I think the actual, long anticipated release of Headless Chrome was just the final the straw that broke the camels back. Since the infamous ticket 546953 it was totally clear that it was worked on it, also conference talks of the developers talking about the technical background came up, so it was just a matter of time since it would show up. It was not really a surprise. So why not stop development of PhantomJS even earlier?

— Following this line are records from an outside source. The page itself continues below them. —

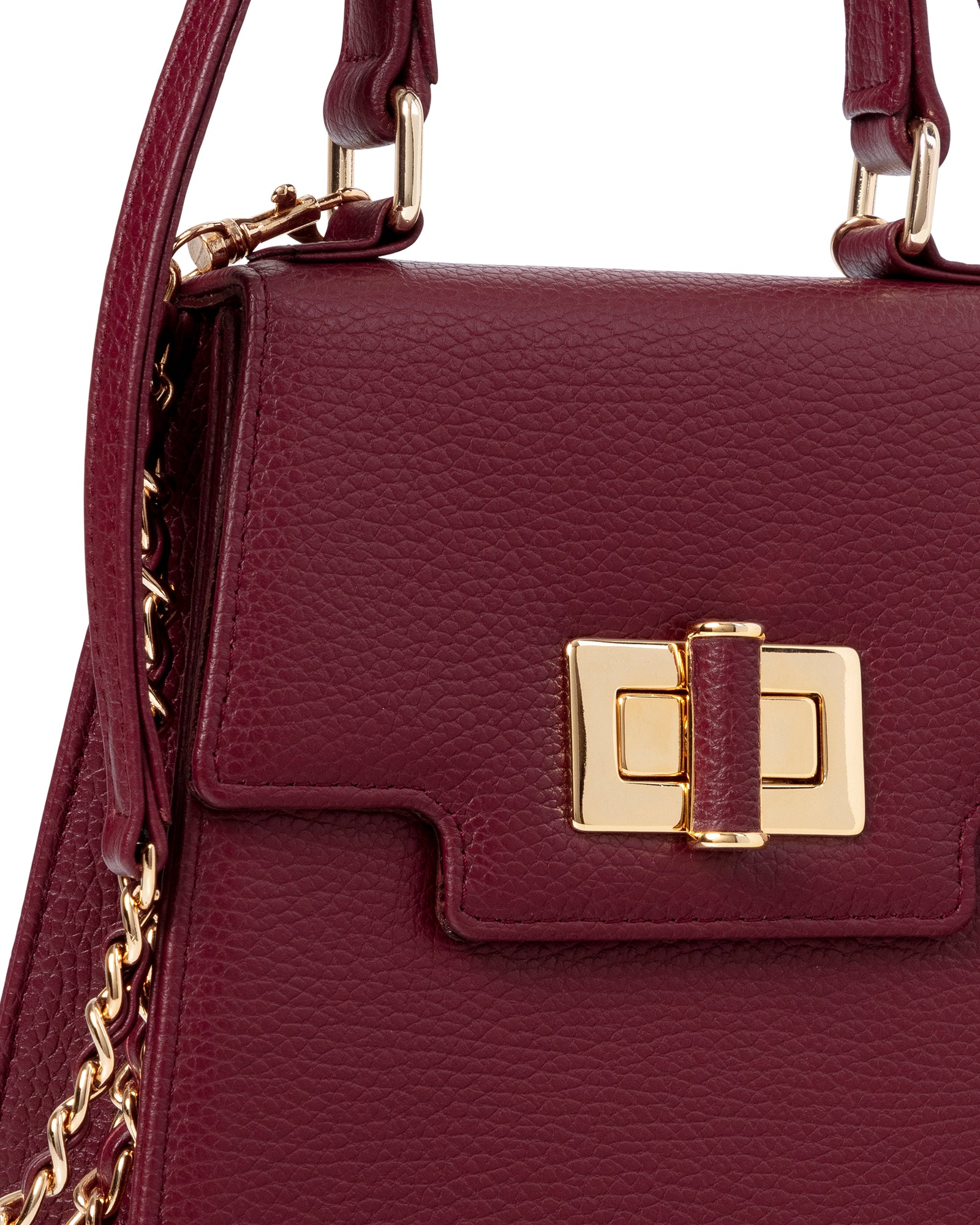 Maroon handbag with gold clasp and chain detail on a white background image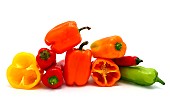 Composition of several sweet peppers and their halves of different colors on a light background. Natural product. Natural color. Close-up.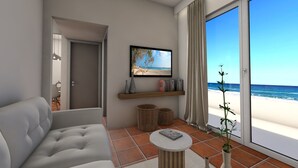 Een moderne woonkamer met een bank, een aan de muur bevestigde televisie, een boekenkast en uitzicht op het strand door een schuifdeur.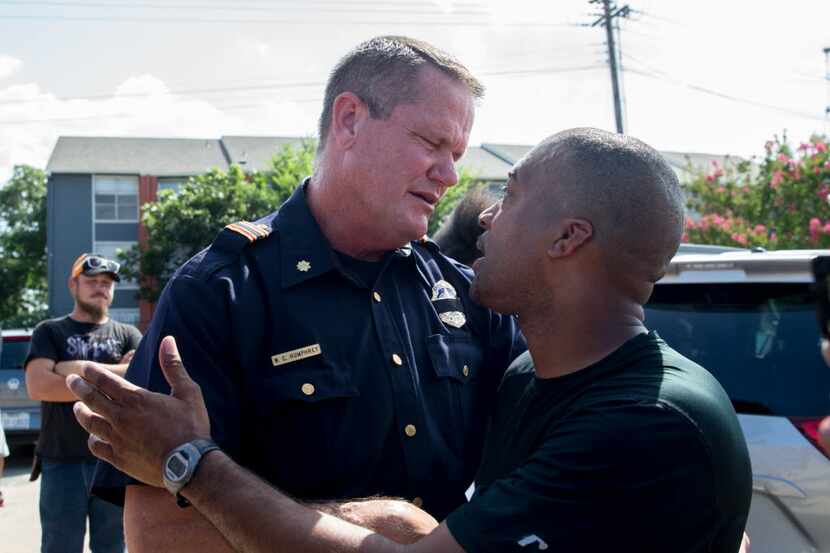 Officer W.C. Humphrey shake hands and embrace with Ty Hardaway, 44, of Dallas during the...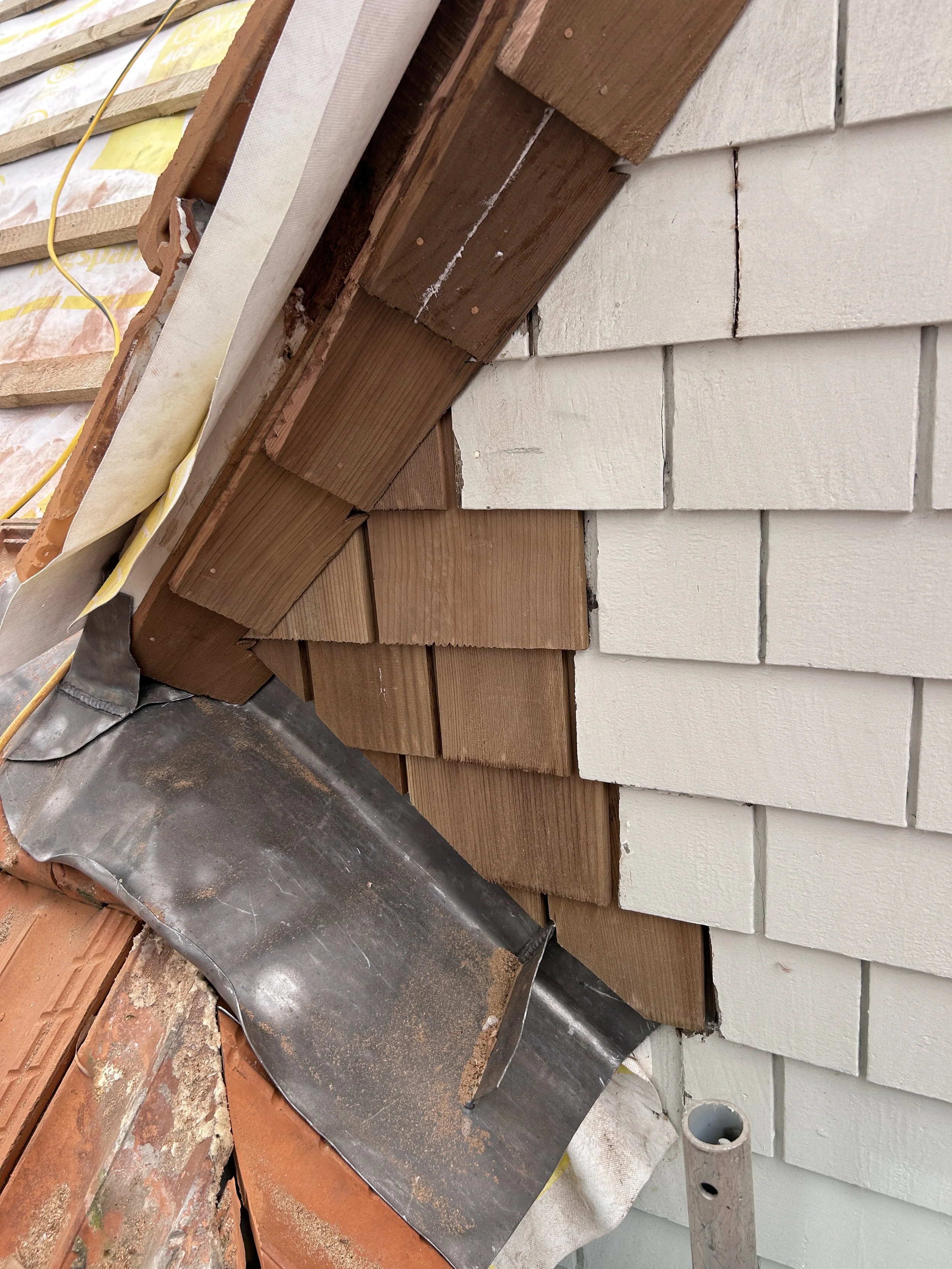 Close-up of a section of a house's exterior wall under construction, showing white siding, brown wooden trim, and part of a metal roofing edge. The image also depicts construction materials and tools.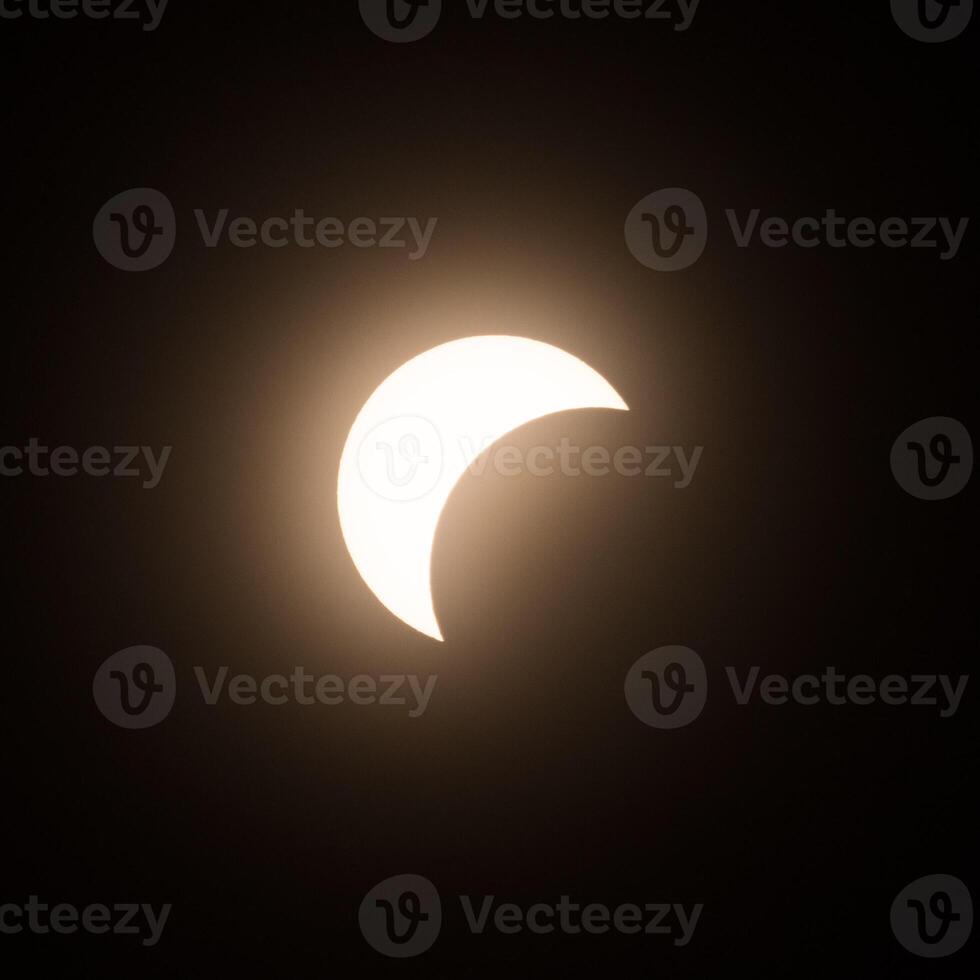 Early stage of the solar eclipse in April 2024 with the moon starting to cover the sun photo
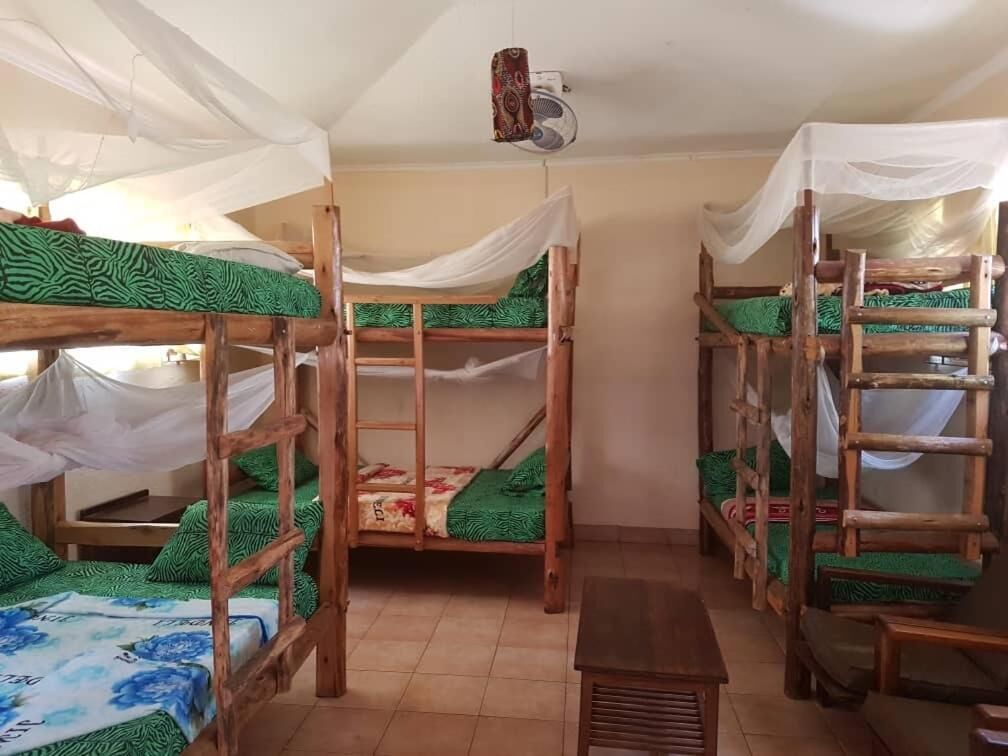 A room with bunk beds, a fan, and a small table.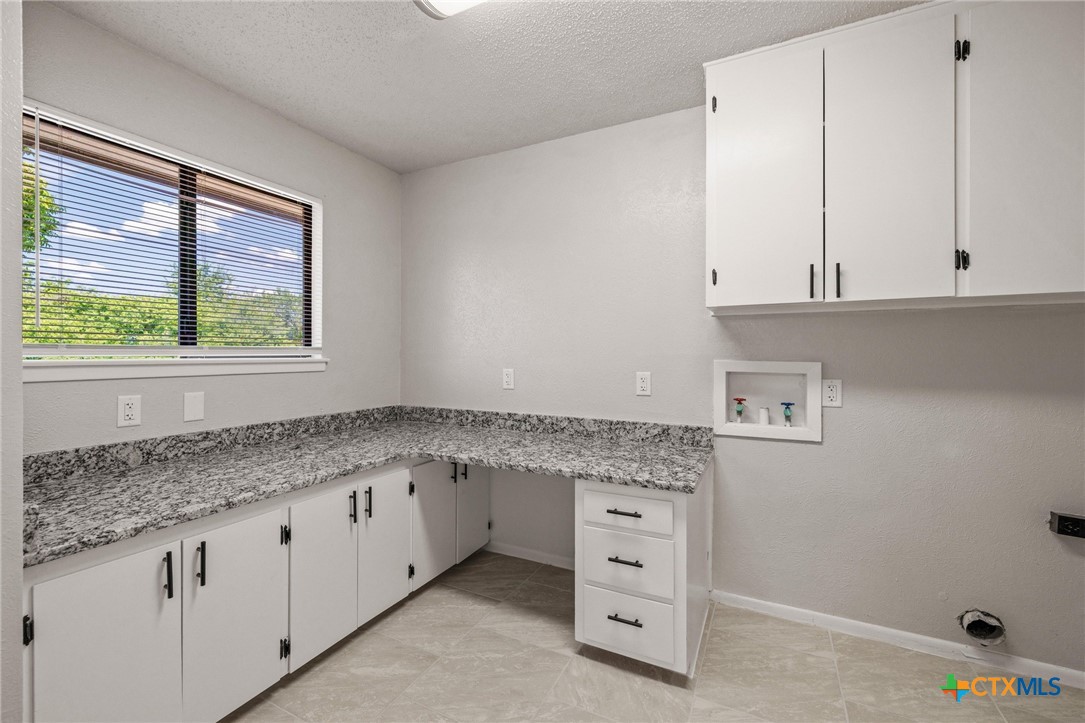 1120 Old Mill Road Salado, TX 76571 - Photo 18 of 42 a kitchen with granite countertop white cabinets and window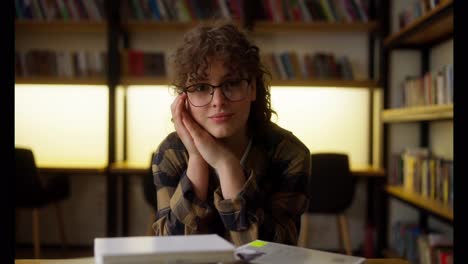 Portrait-of-a-happy-brunette-student-girl-in-glasses-and-a-plaid-shirt-who-sits-at-a-table-among-books-in-the-library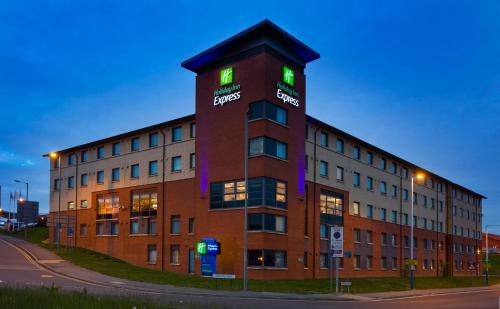 a building with green lights on the top of it at Holiday Inn Express London Luton Airport, an IHG Hotel in Luton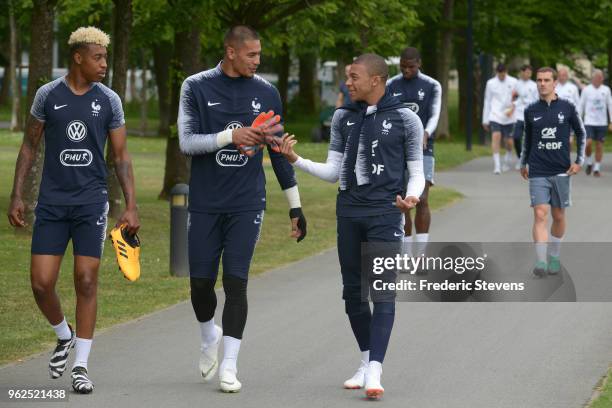 France's goalkeeper Alphonse Areola and Kylian Mbappe arrive to a training session at the French national football team centre in...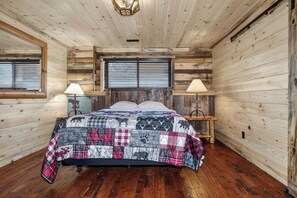 Un dormitorio tipo cabaña de madera con una cama, dos lámparas de noche y un ventanal con persianas.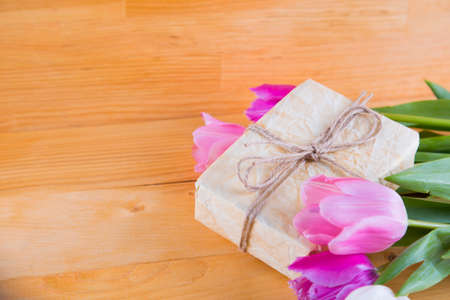 Bouquet of tender pink and white tulips with beautiful colored gift box on light wooden background.の写真素材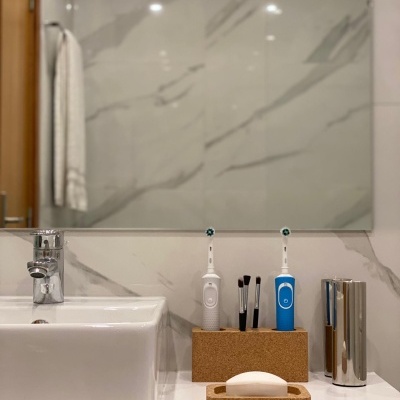 Lavatório branco com escovas de dentes elétricas em suporte de cortiça, pincéis de maquilhagem e sabonete num suporte da marca THE CORKMAN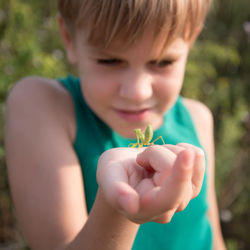 Close-up of boy holding hands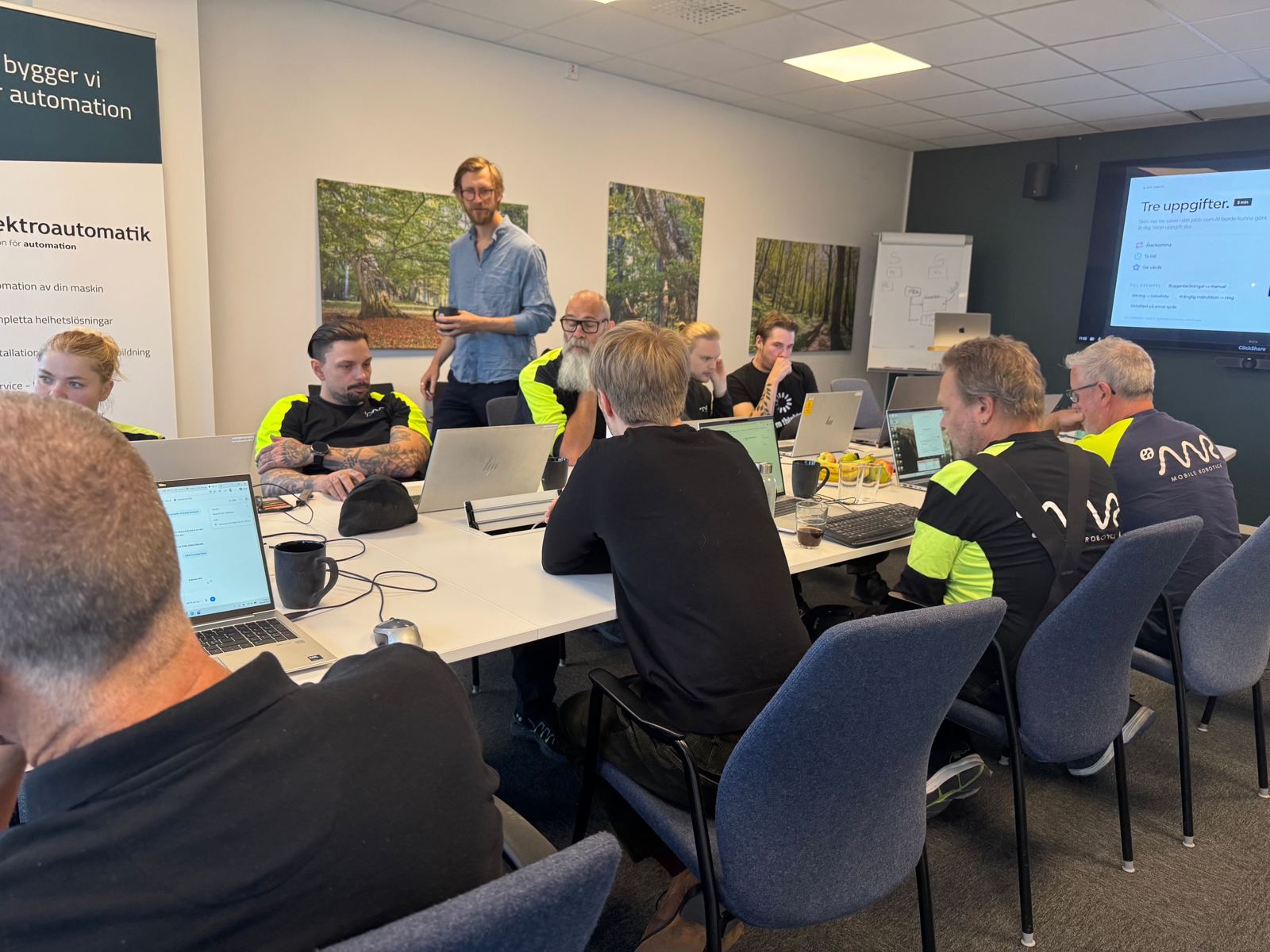 Kursledare visar en övning på skärm medan deltagarna arbetar i egna laptops under en praktisk AI-workshop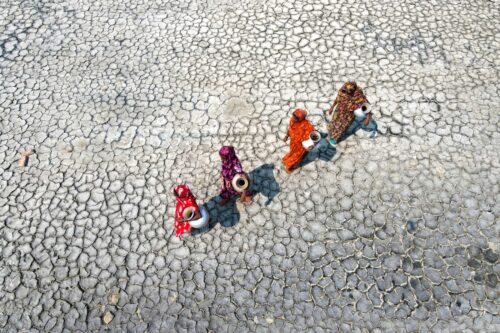 Vier vrouwen lopen over uitgedroogde grond om water te halen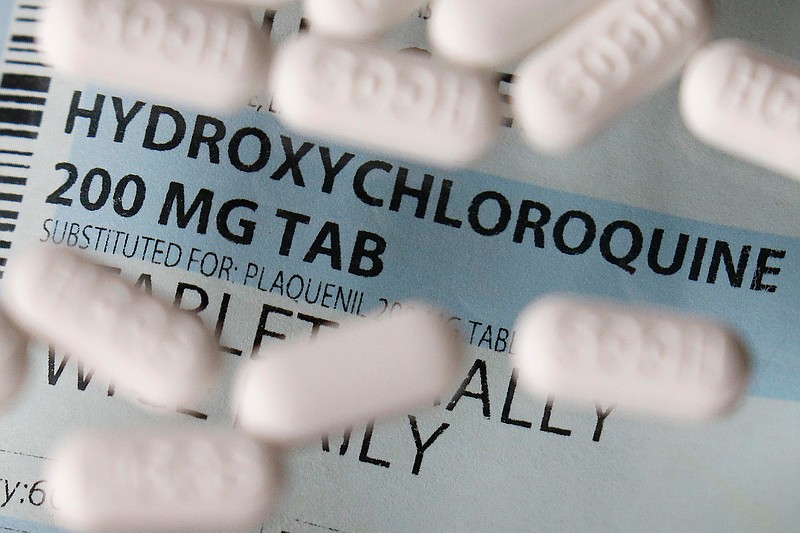 An arrangement of hydroxychloroquine tablets is seen April 6 in Las Vegas.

It pretty much feels to me that one of the main potential drawbacks of the Open Source Software movement was the main reason: only a few developers have to deal with the many bug reports and feature request of thousands of users which are all happy to use the tool day by day, but are not willing to contribute or even pay for it. If you can’t make a living from your Open Source project, there will be that one day when it is simply enough. Even the biggest enthusiasts have to pay their bills.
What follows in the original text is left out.